→ **ASSIGNMENT**
All lines from the one containing "Conta LoL TODOS" through the final line of the listing below, and no others, must be returned exactly; no pictures belong in the copy.

—————

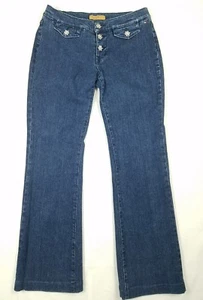 Tommy Jeans Women's Stretch Denim Flower Child Button Fly Bling Light Flare Jr 9 - Picture 1 of 9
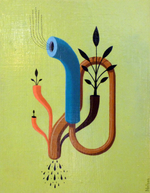 Acrylic on wood panel, 8.5” x 11” Mark Nelson - Structual Abstractions 5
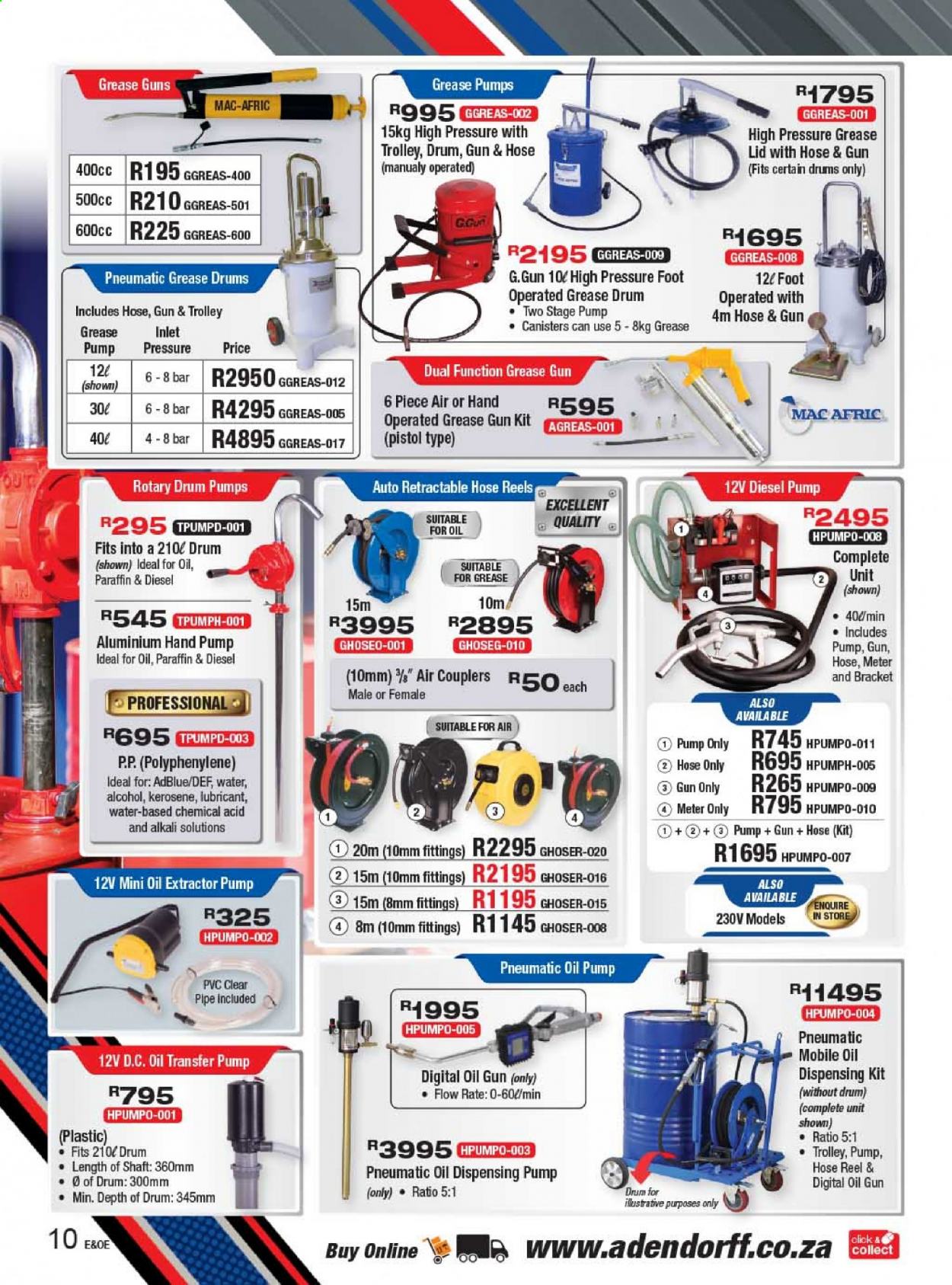 Adendorff Machinery Mart specials. Page 10
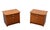 Art Deco Nutwood Nightstands, Holland, 1930s, Set of 2 For Sale - Image 4 of 10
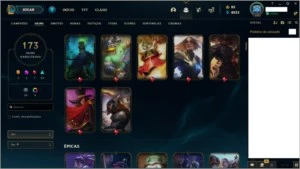 Conta LoL TODOS champions, Diamante1 s3 s4 s5, 173 skins. - League of Legends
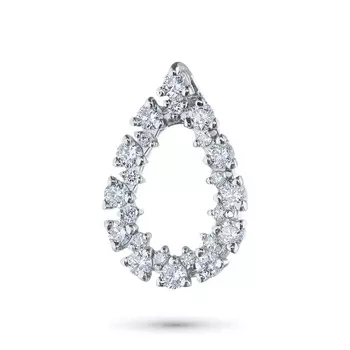 Подвеска из белого золота с бриллиантами э0901пд09182100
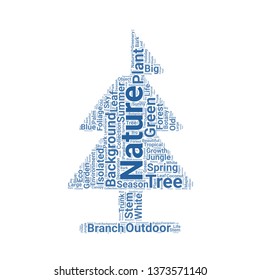 tree word cloud. tag cloud about tree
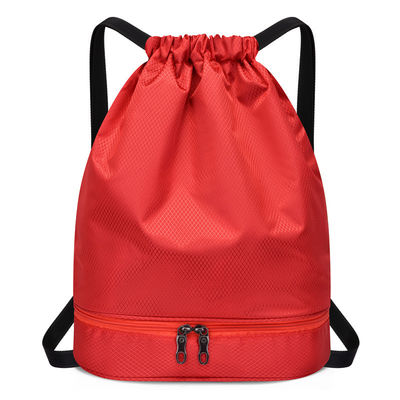 Acceptable OEM/ODM Mochila de cuerda de tira impermeable para mujeres hombres Sport Beach Gym Bag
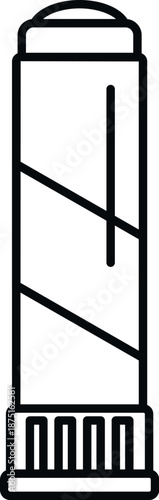 Glue stick icon representing an office or school supply for crafting and adhesive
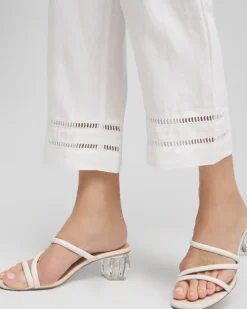 Best Linen Ladder Trim Cropped Pants Pants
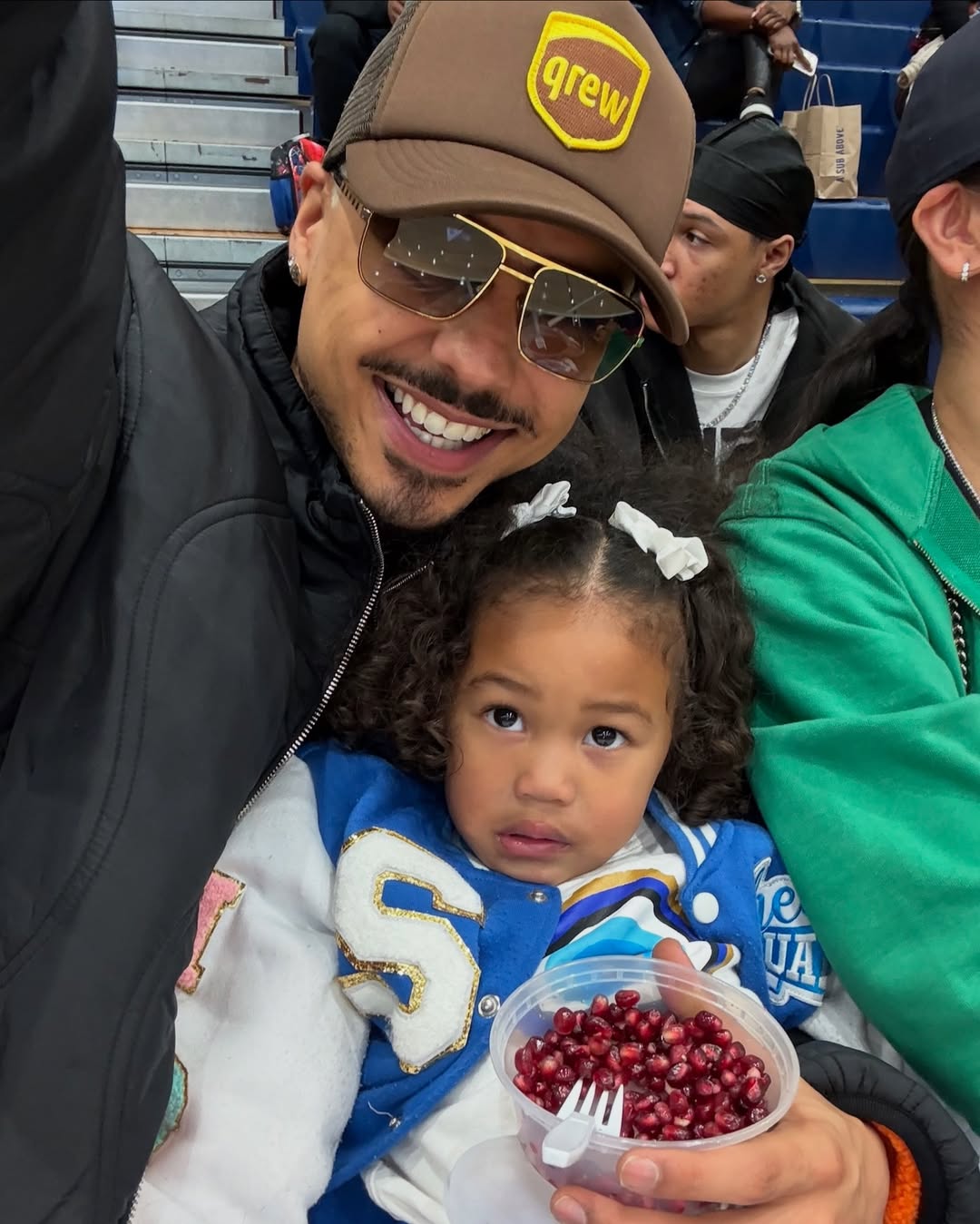 Quincy Brown et Love Combs posent pour une photo, datée de février 2025 | Source : Instagram/quincy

—————

→ **RESPONSE TO THIS EXERCISE**
 Conta LoL TODOS champions, Diamante1 s3 s4 s5, 173 skins. - League of Legends
 Подвеска из белого золота с бриллиантами э0901пд09182100
 tree word cloud. tag cloud about tree
 Acceptable OEM/ODM Mochila de cuerda de tira impermeable para mujeres hombres Sport Beach Gym Bag
 Glue stick icon representing an office or school supply for crafting and adhesive
 Best Linen Ladder Trim Cropped Pants Pants
 Quincy Brown et Love Combs posent pour une photo, datée de février 2025 | Source : Instagram/quincy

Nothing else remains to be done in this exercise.